Starting at the first line of the entries below, please return exactly each line up to and including the one with "Zoll verhindert illegalen"; pictures stay out.
START ENTRIES PROVIDED
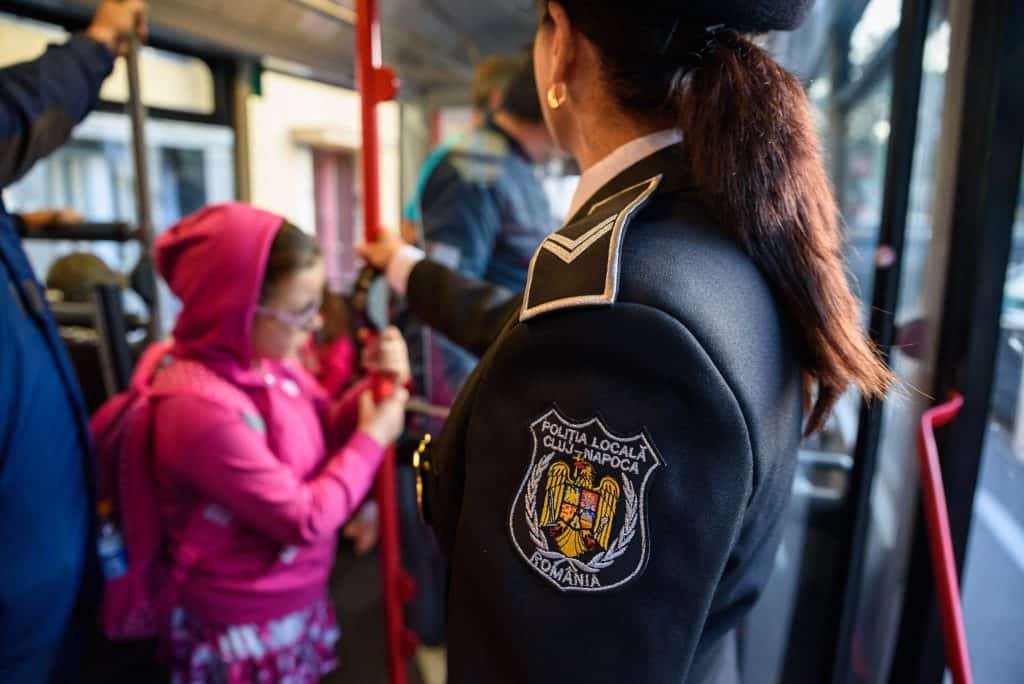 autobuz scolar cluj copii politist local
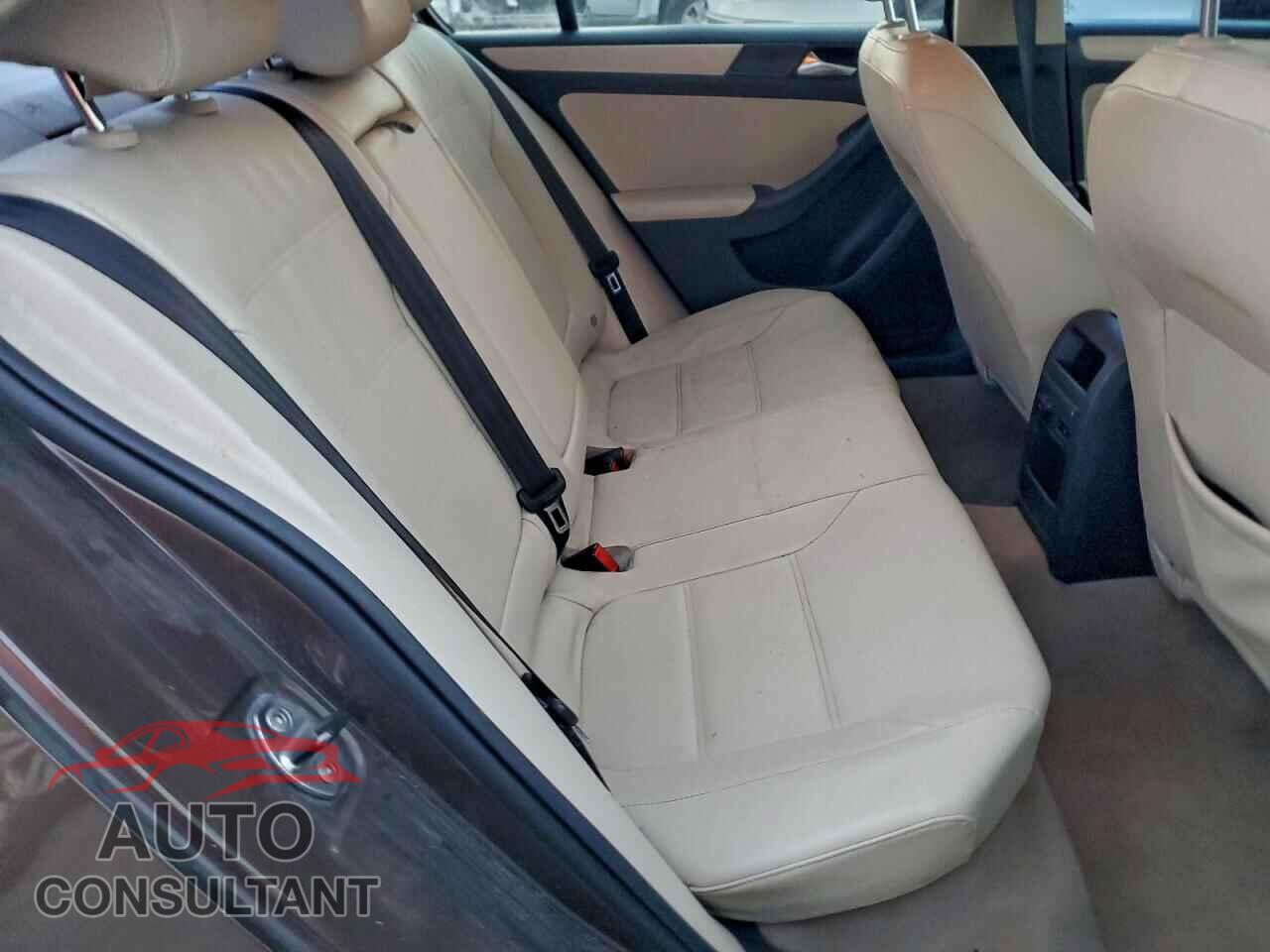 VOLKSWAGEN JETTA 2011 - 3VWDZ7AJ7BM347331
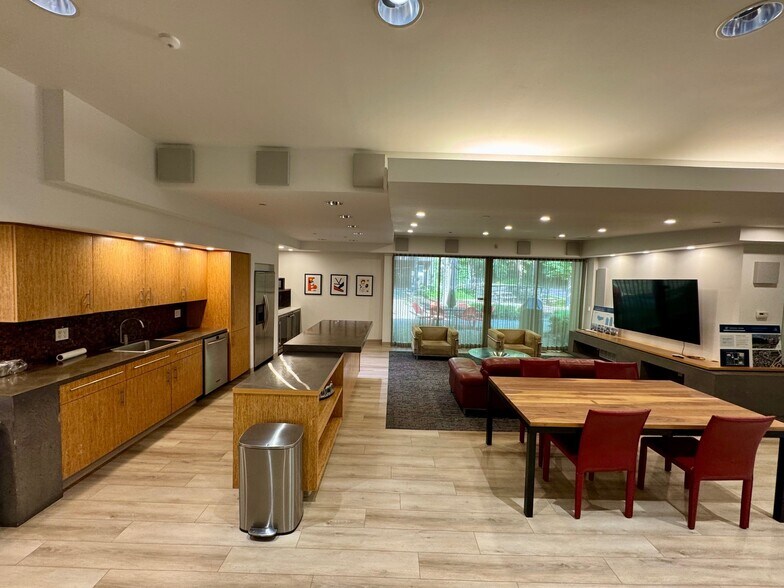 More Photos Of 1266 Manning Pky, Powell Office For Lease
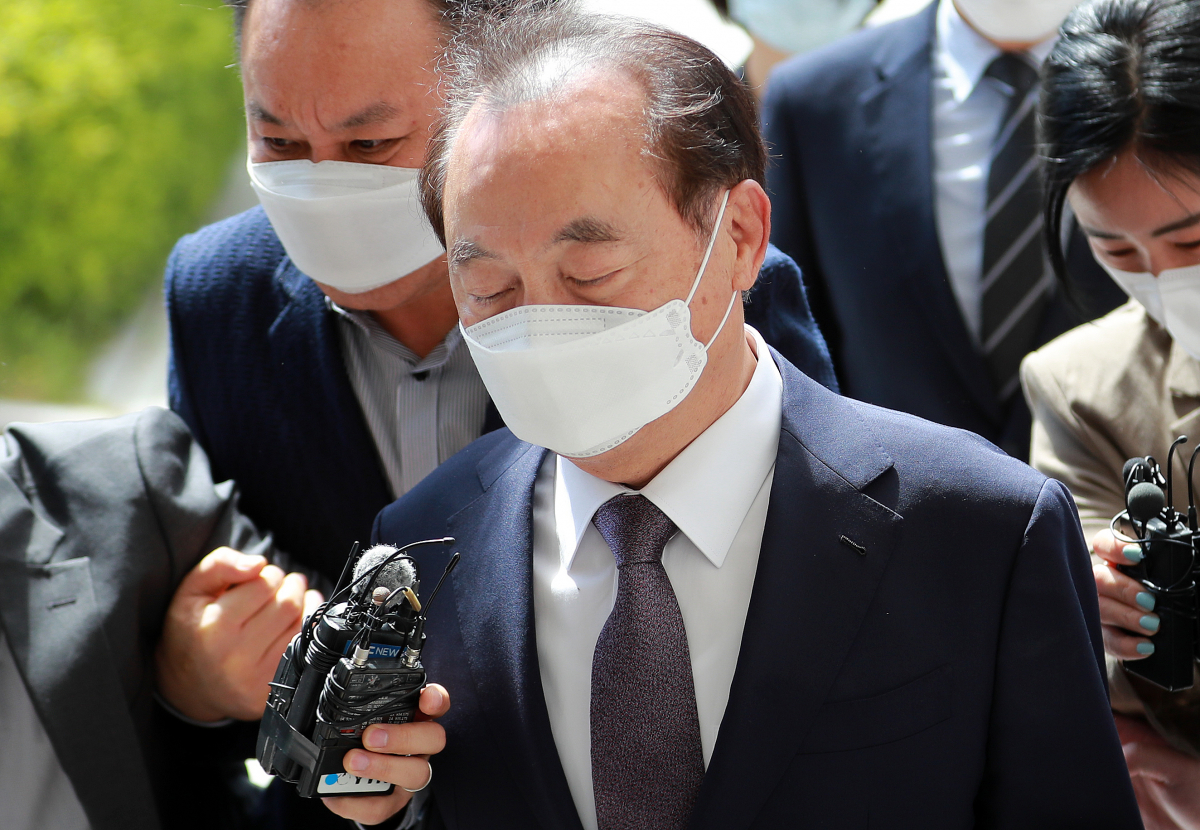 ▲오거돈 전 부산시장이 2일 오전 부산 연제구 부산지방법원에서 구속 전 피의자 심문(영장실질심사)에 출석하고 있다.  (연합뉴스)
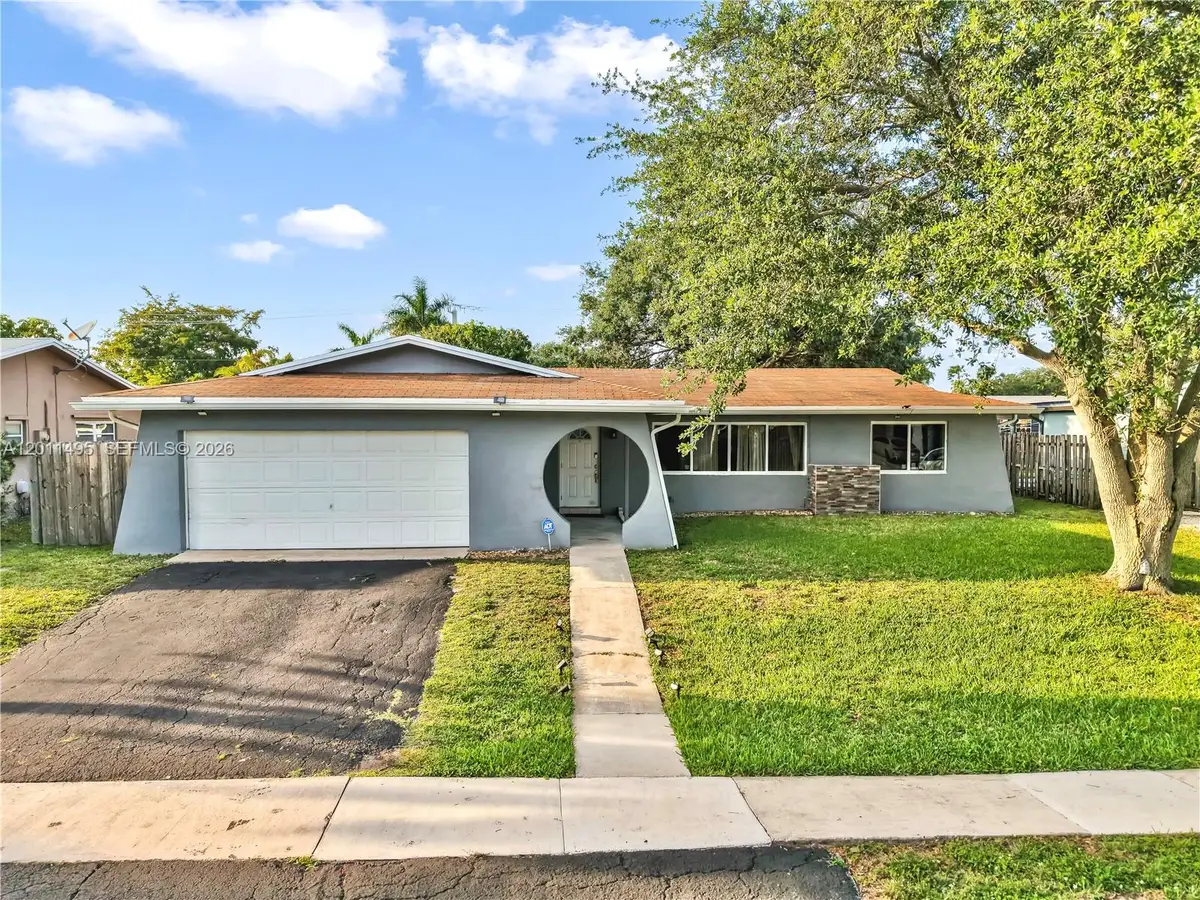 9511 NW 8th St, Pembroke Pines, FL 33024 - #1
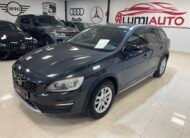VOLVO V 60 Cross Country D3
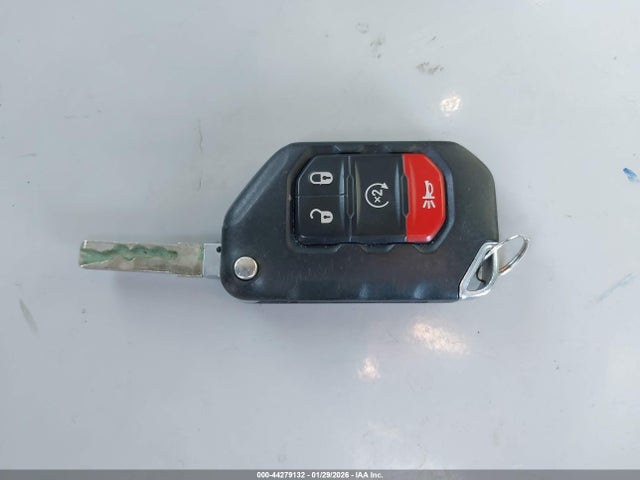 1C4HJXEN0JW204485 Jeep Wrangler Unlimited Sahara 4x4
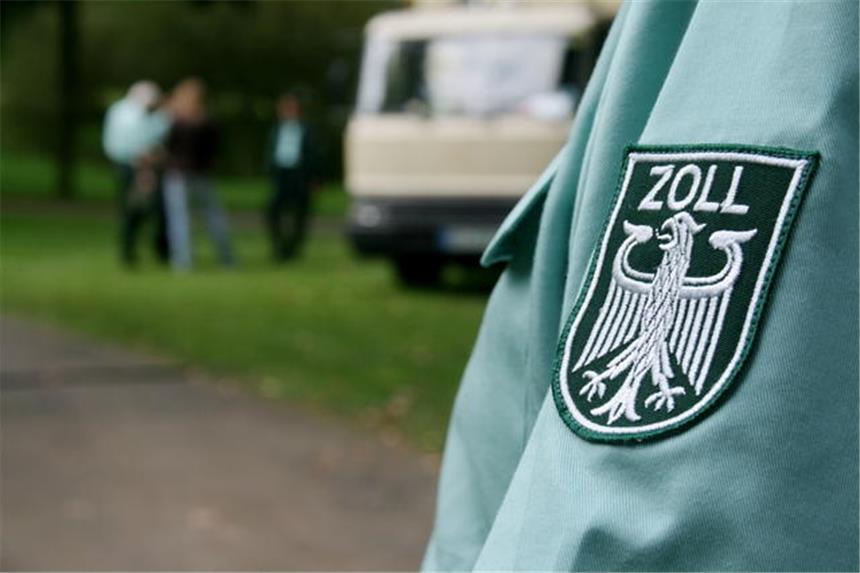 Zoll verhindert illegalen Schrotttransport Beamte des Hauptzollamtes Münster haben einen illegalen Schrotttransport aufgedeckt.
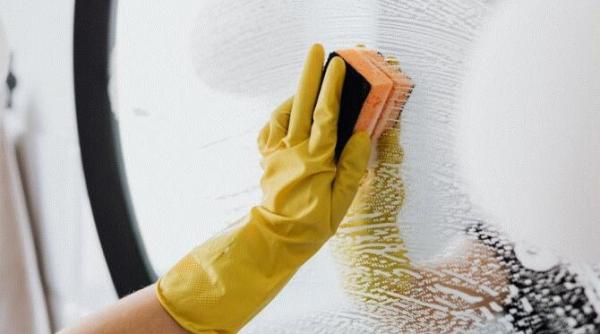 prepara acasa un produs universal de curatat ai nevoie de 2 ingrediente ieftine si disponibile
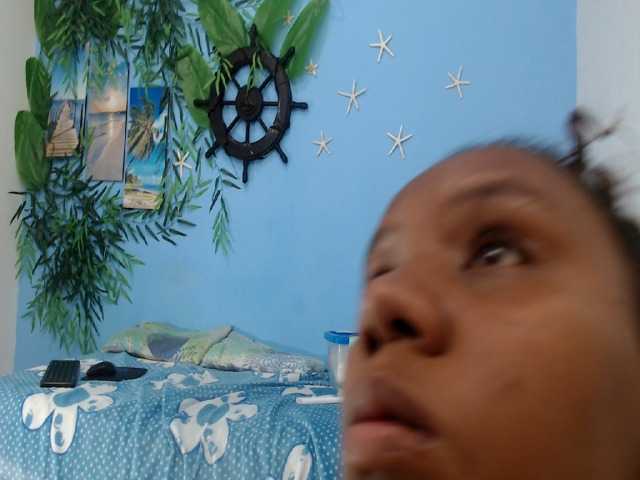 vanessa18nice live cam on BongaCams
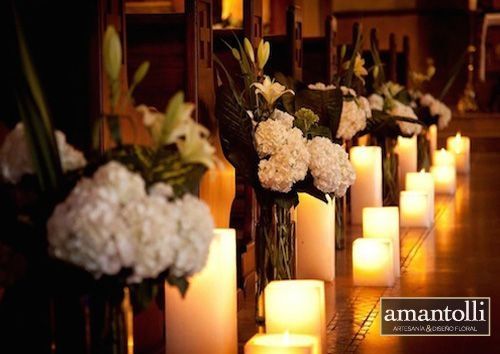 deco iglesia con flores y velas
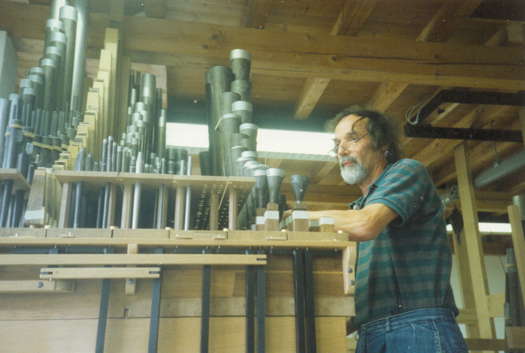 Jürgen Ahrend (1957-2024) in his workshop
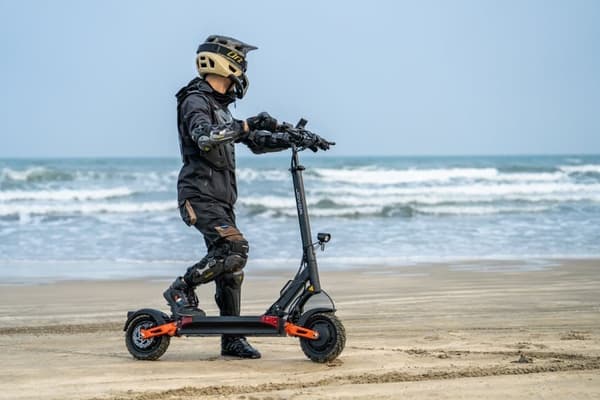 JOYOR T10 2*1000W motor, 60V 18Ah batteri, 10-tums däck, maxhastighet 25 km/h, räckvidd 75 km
END ENTRIES PROVIDED
OUTPUT OF THE TASK ::
 autobuz scolar cluj copii politist local
 VOLKSWAGEN JETTA 2011 - 3VWDZ7AJ7BM347331
 More Photos Of 1266 Manning Pky, Powell Office For Lease
 ▲오거돈 전 부산시장이 2일 오전 부산 연제구 부산지방법원에서 구속 전 피의자 심문(영장실질심사)에 출석하고 있다.  (연합뉴스)
 9511 NW 8th St, Pembroke Pines, FL 33024 - #1
VOLVO V 60 Cross Country D3
 1C4HJXEN0JW204485 Jeep Wrangler Unlimited Sahara 4x4
 Zoll verhindert illegalen Schrotttransport Beamte des Hauptzollamtes Münster haben einen illegalen Schrotttransport aufgedeckt.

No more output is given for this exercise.